Rejection can certainly be discouraging, but it doesn't have to mean the end of a project. It is important to move forward after your work is rejected and there are some steps you can take to avoid rejection altogether.

Overcoming disappointment is often one of the first things an academic author must face after a rejection. Dannielle Joy Davis, an Associate Professor of Educational Leadership, Policy, and Law at Alabama State University and a new co-editor for the journal Learning for Democracy, recommends setting aside a finite amount of time to feel disappointed before moving on and taking steps to resubmit. "I always send [a rejected paper] back out to a refereed venue and do not dwell on disappointment for more than 24 hours," she said.

After conquering your disappointment, you must decide whether or not to resubmit your work to another journal. Tara Gray, the director of the Teaching Academy at New Mexico State University, and author of Publish and Flourish: Become a Prolific Scholar, suggests objectively evaluating whether the costs of revising the project outweigh the benefits, rather than making a decision based on your emotional reaction to the rejection.

"When you get the rejection feedback, it feels devastating," Gray said. "But when you try to respond one step at a time, usually you can respond reasonably and well. I would never reject a project based on reading bad feedback. I would reject it only upon trying to make those changes and finding they are insurmountable." Gray said she always resubmits when her own work is rejected.

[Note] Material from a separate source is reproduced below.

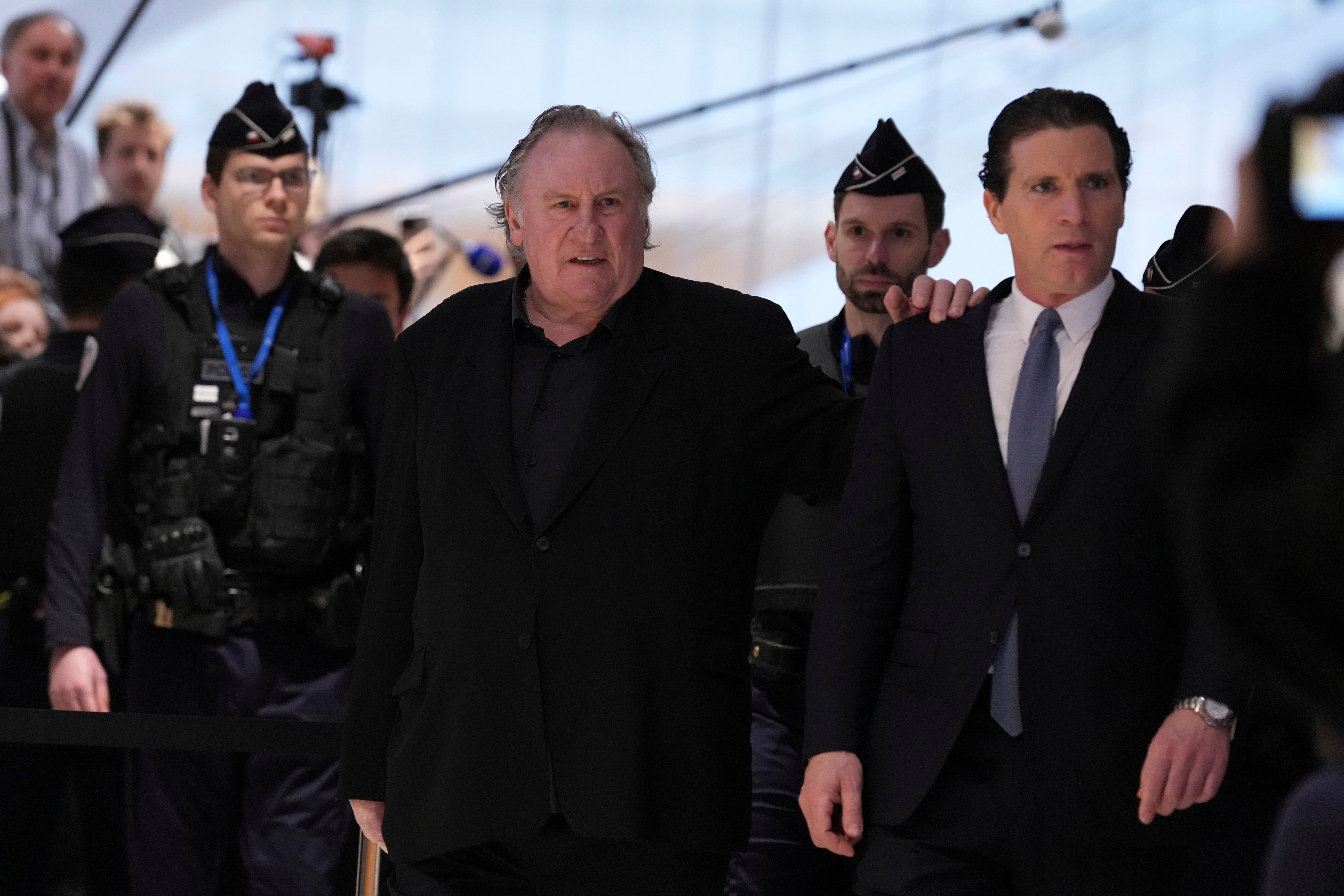 VIOLENCIA SEXUAL- GÉRARD DEPARDIEU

Davis urges writers to persevere and never give up on their manuscripts. In her experience as a writer, co-editor and reviewer, she has never come across a project that should be abandoned. "Authors must persist in the face of rejection and not take rejection personally," Davis said. "Remember, every good manuscript has a home. It is our job as authors to find that home and to continue to polish the work while searching for it. Persistence is key in the publishing process." Davis has never given up on a rejected project. Her strategy of persistence has paid off, earning her more than 20 peer-reviewed publications and a recent book contract.

One way that academic authors can potentially avoid the disappointment of rejection is to request pre-submission feedback in order to identify and fix problems early. Gray is a strong advocate for this strategy and works with three groups of readers for her pre-submission feedback. She asks non-experts, such as family members or friends, to read her work and look for issues in clarity and organization. She also asks people in her field that she trusts to read her work and comment on issues related to content, methodology, and theory.

In addition, Gray contacts the scholars that she has cited the most often and/or the most heavily in her manuscript to elicit valuable additional feedback. "I generally get about a 50% response rate from these experts," Gray said. "I contact them and ask them for feedback on how I am using their work. That tends to be the hook that gets them to want to interact with me more. I also ask them for just a quick read—just 20 minutes of their time—to look for the biggest problems they see. Some of them have been enormously helpful to me."

Gray asserts that pre-submission feedback can be extremely helpful in avoiding rejection and can help ensure that a project is worth pursuing in the early stages of the work: "If you've gone through a half a dozen experts and non-experts before you submit, you won't be working on many projects that need to be abandoned."